Quizás estos escritores se estaban preparando para una nueva mutación del lenguaje. La e es la vedette del lenguaje inclusivo, la que podría destronar el reino de las palabras sexuadas, que terminan en a y o. La e denomina un sexo indeterminado, un momento imaginario donde la lucha de los sexos no existe: como la e de Edén, es la hojita que cubre púdicamente los sexos de las palabras.
La e es la vedette del lenguaje inclusivo
Hace poco volví a Buenos Aires y encontré escenas de proscripción de la o: “te amis mucho”, reza un cartel con corazoncitos en mi barrio de Palermo Tel Aviv. Conjeturé que ese amis deriva de los holis y chauchis de la prehistoria reciente flogger (Argentina fue el único lugar del mundo donde Fotolog floreció, al punto de acoger su propia tribu urbana).

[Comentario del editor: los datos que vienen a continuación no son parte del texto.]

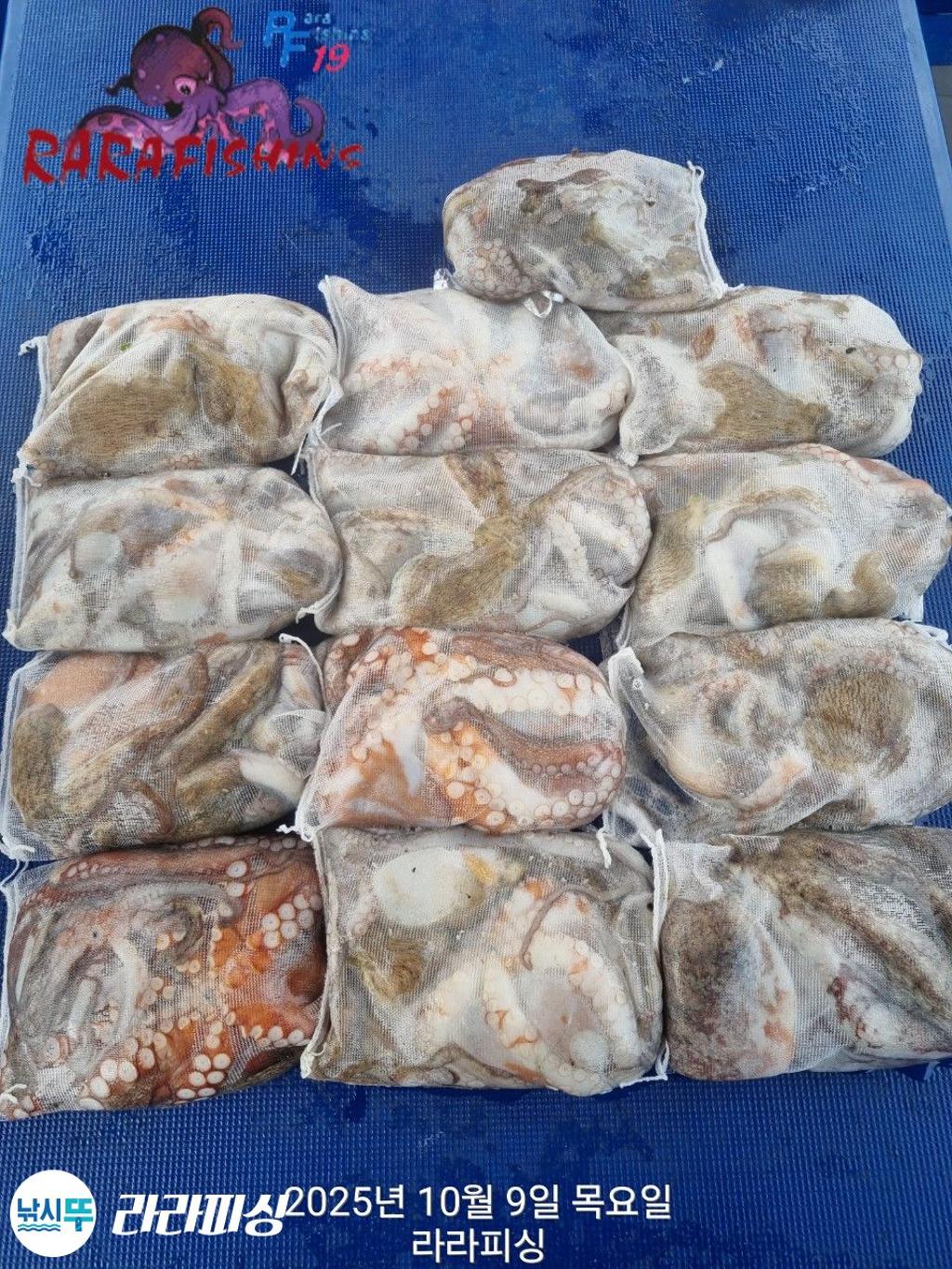 F27940728F.jpg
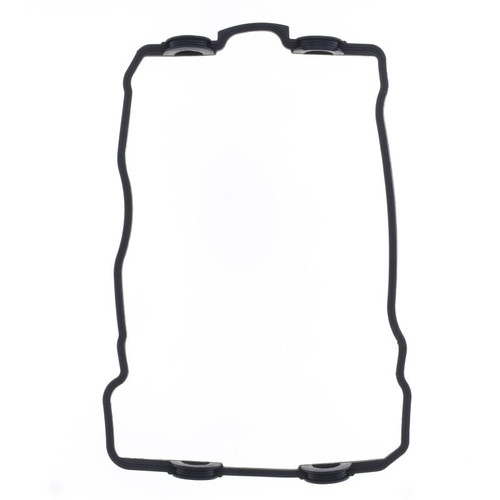 Athena 02-09 Honda VFR V-Tec 02-09 800 Valve Cover Gasket - S410210015115 Photo - Primary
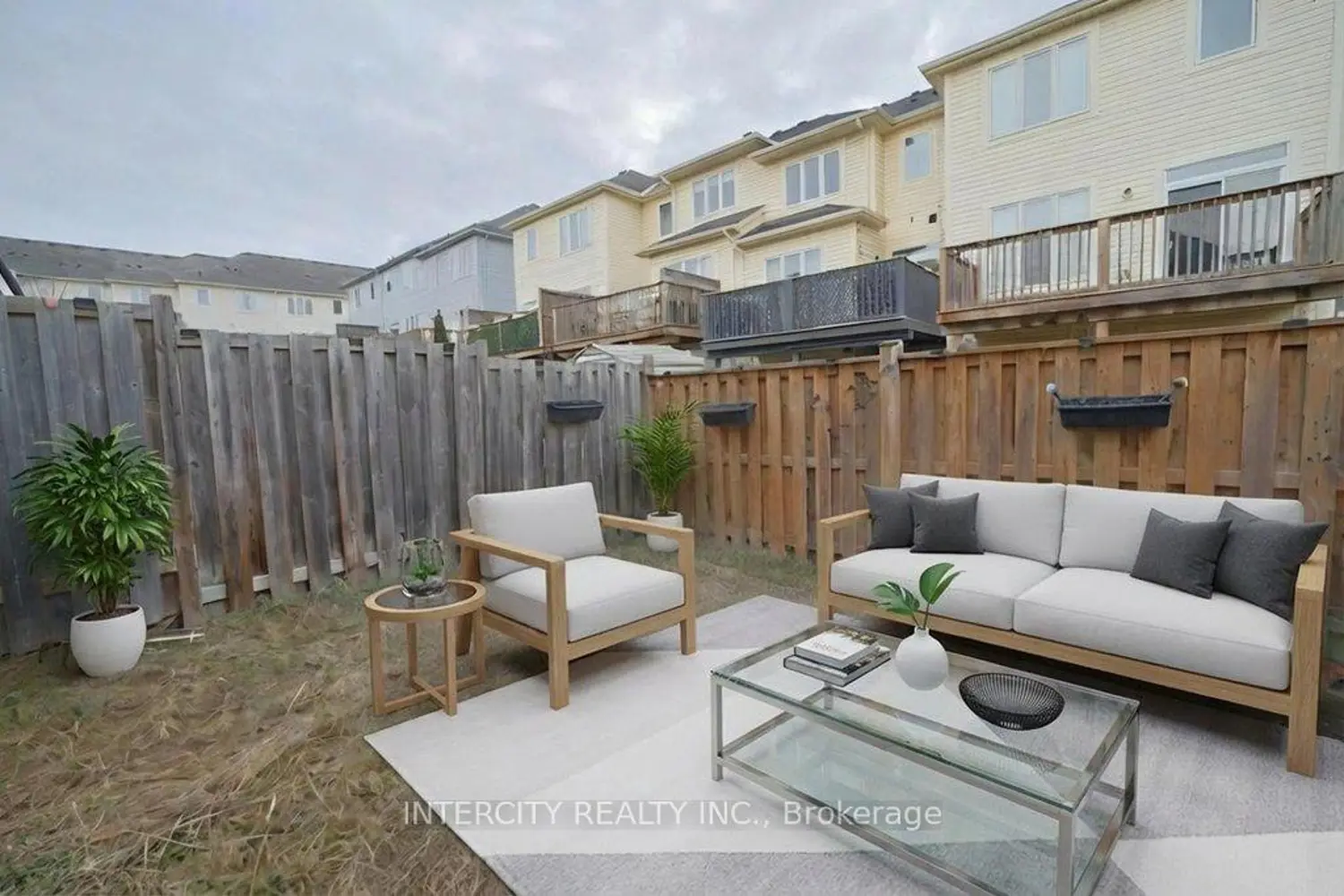 Additional image 20 of 21 Diana Avenue 74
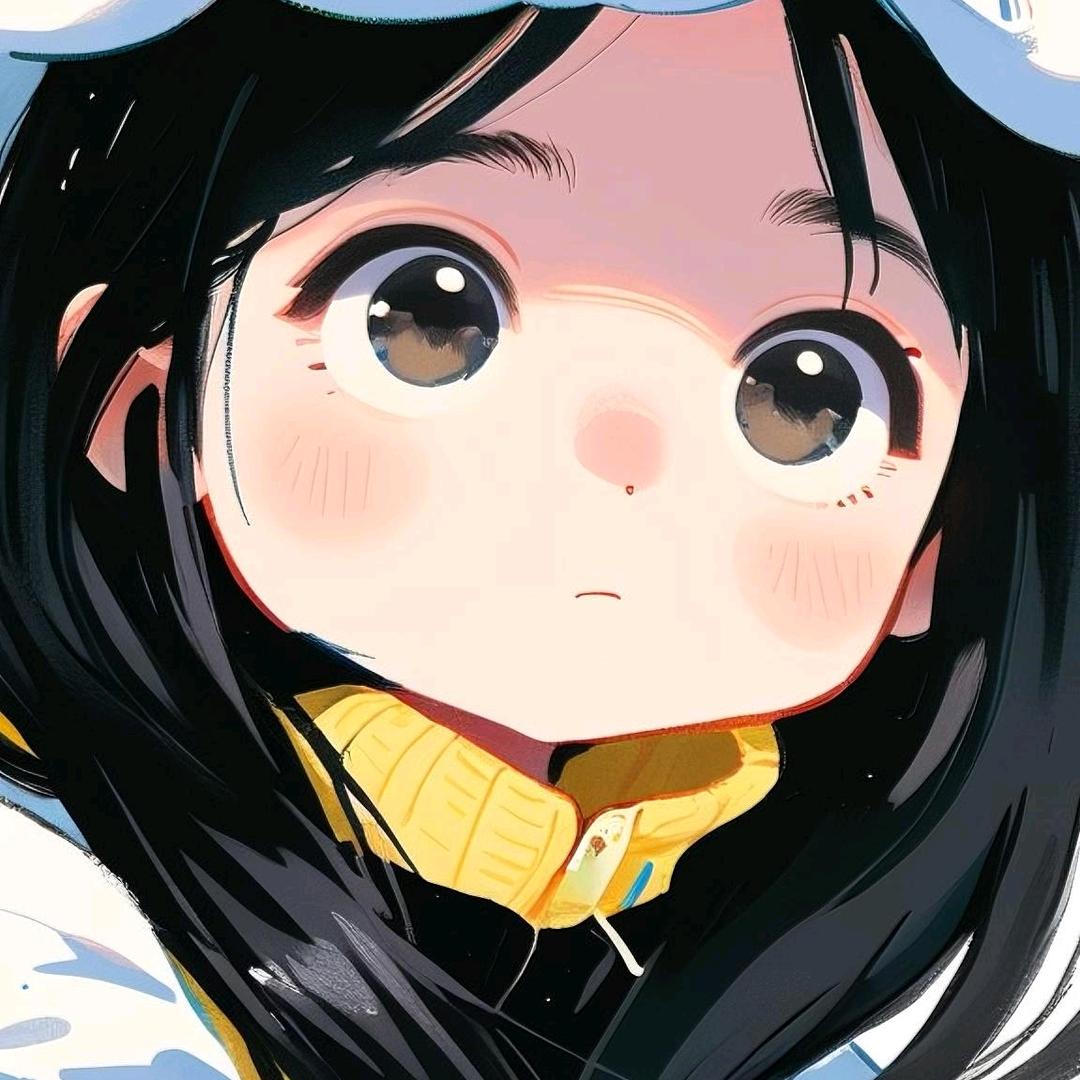 lll°
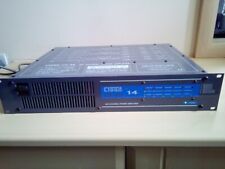 Cloud six channel for sale  MIDDLESBROUGH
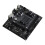 Asrock Placa-mãe ASROCK B550M-HDV 1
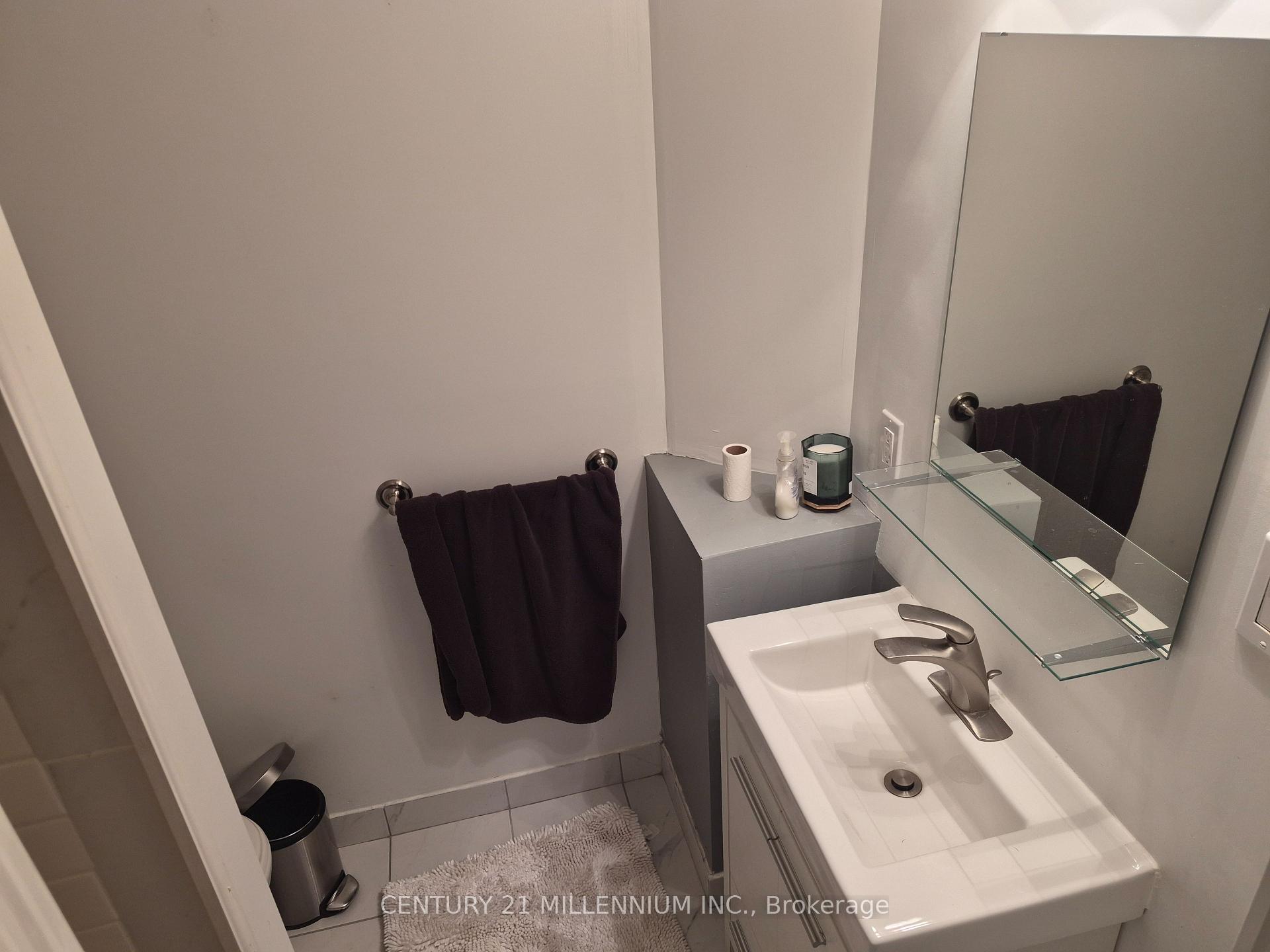 Photo 33 of 40 Meadowland Drive, Brampton, Brampton East — HOMEH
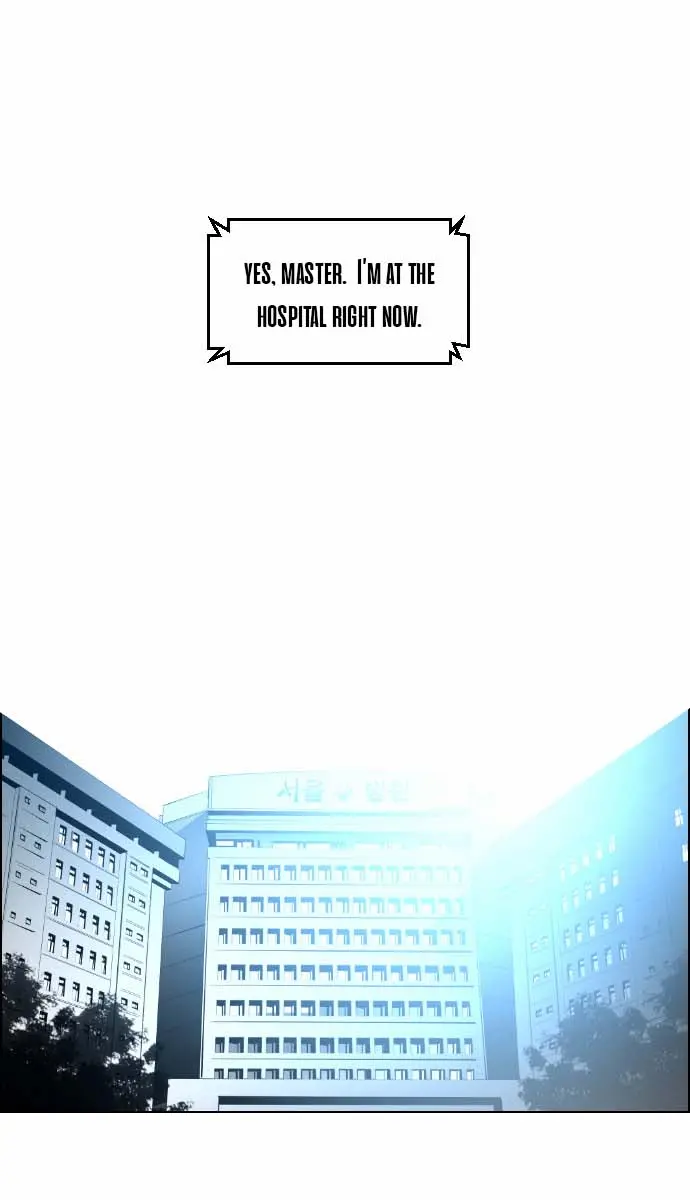 Terror Man Chapter 37 Page 54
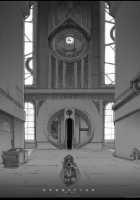 Ever After [Original] Thumbnail Page 43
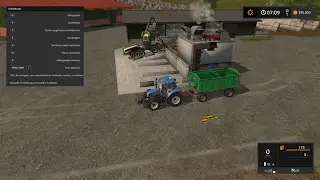 holzhacker Giants Editor install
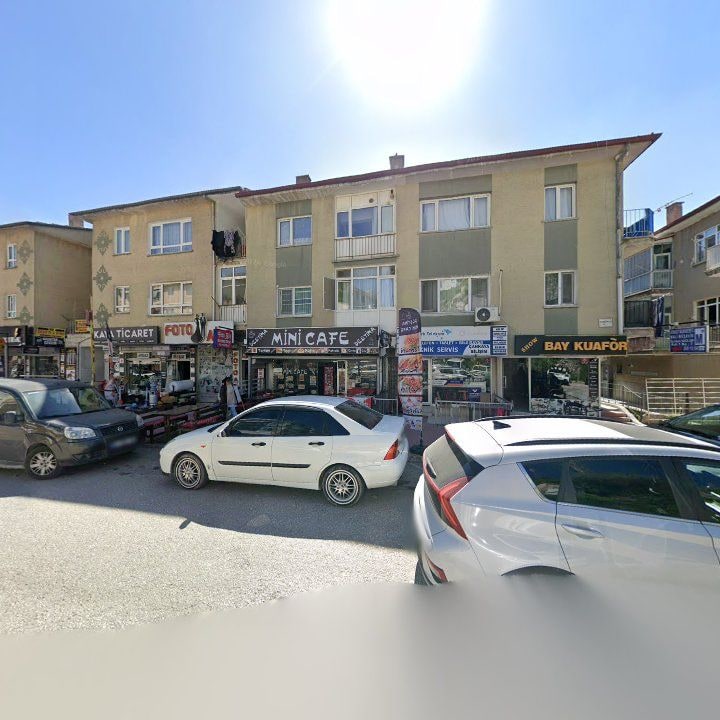 Fotoğraf 4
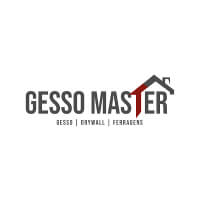 Gesso Master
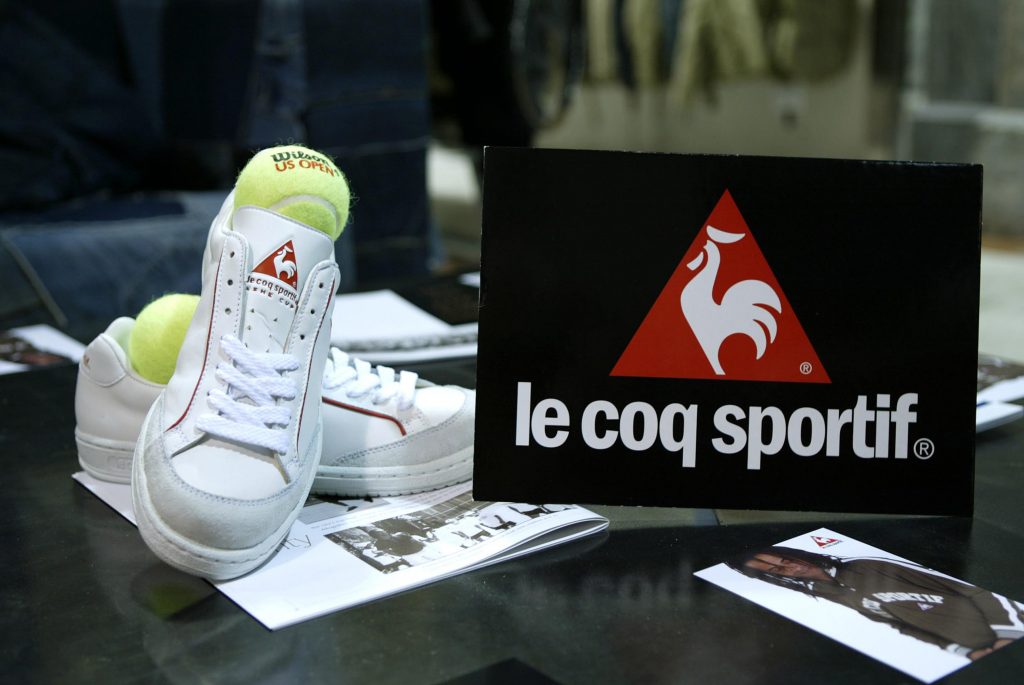 le-coq-sportif-1024x685.jpg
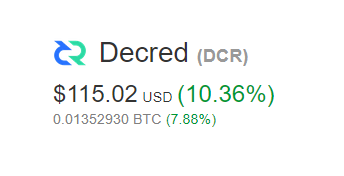 SteemFair SteemFair-uk Promo-Steem Investors-Group Decred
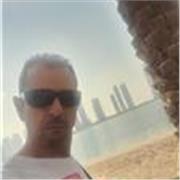English and Arabic teacher for all ages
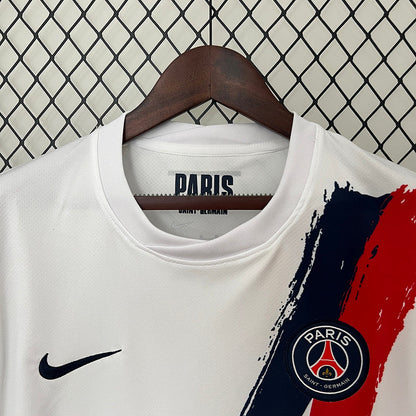 PSG Away 24/25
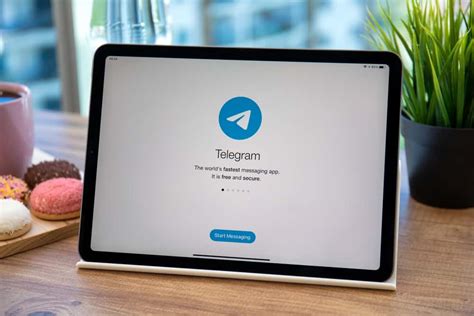 TeLeGrAm LiNk film favorit topik pornstar xvideo untuk pesta mewah image 1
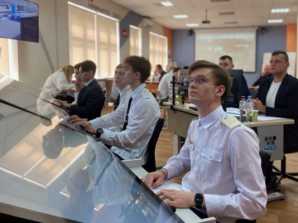 thumb_165_274 image Первый Чемпионат «Лучший горочный комплекс» объявил победителей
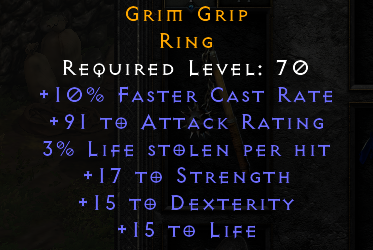 ring_grim_grip_6678.png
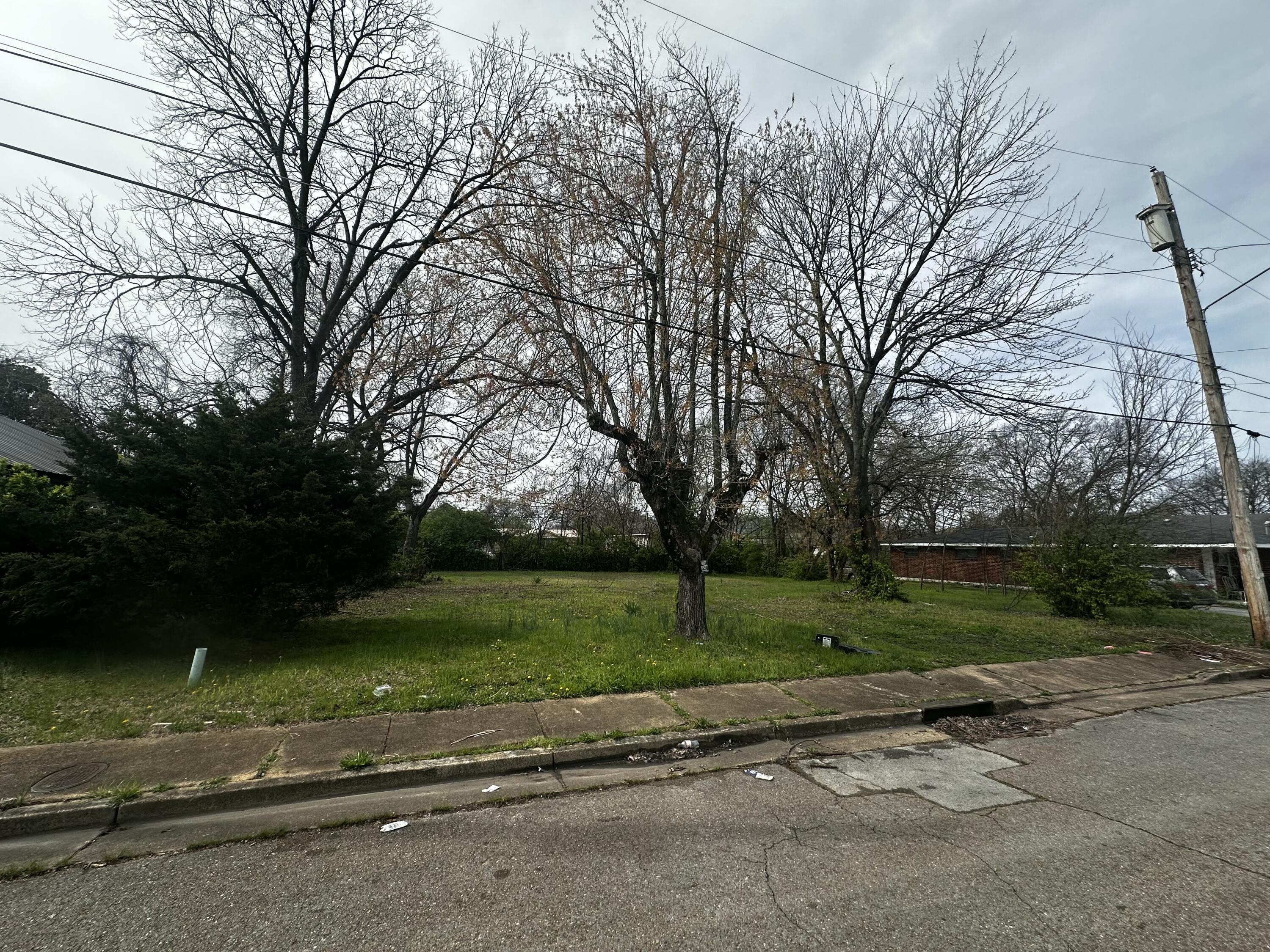 1850 Newell Avenue Chattanooga, TN 37404 - Photo 4 of 4 tempImageewhpxj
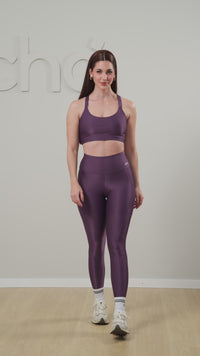 Conjunto Wonder - Figo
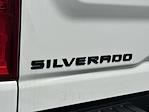 2022 Chevrolet Silverado 2500 Crew Cab 4x4 Pickup for sale #U10678 - photo 28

Pero los floggers no crearon militancia, ni lucharon por el derecho de abortar otros floggers. Tan solo se extinguieron, legándonos su propia rama del indoeuropeo. Creo que la e tiene otro color porque es una reacción a la x impronunciable. La x circulaba en el lenguaje escrito sin que a nadie le importara una jota, pero una vez que llegó al micrófono, al podio, a los discursos apasionados, esa equis tuvo que mutar. A la x hubo que adjudicarle un valor: e. Pero la e es problemática porque es una terminación típica de sustantivos masculinos: hombre, presidente, elefante. “El patriarcado sale por la puerta y entra por la ventane”, sintetizaba el escritor Carlos Gamerro. ¿Pero cómo hablar a los plurales sin que nadie se sienta expulsado del Paraíso? Una posibilidad es que el Paraíso sea el acervo de las lenguas romance, las hijas sublimes del indoeuropeo. Como el lenguaje es un acto político y personal, yo prefiero cerrar mis mails enviando “osculi”, privilegiando la i del plural italiano, no sea que algún beso de tendencias inconfesables se ofenda.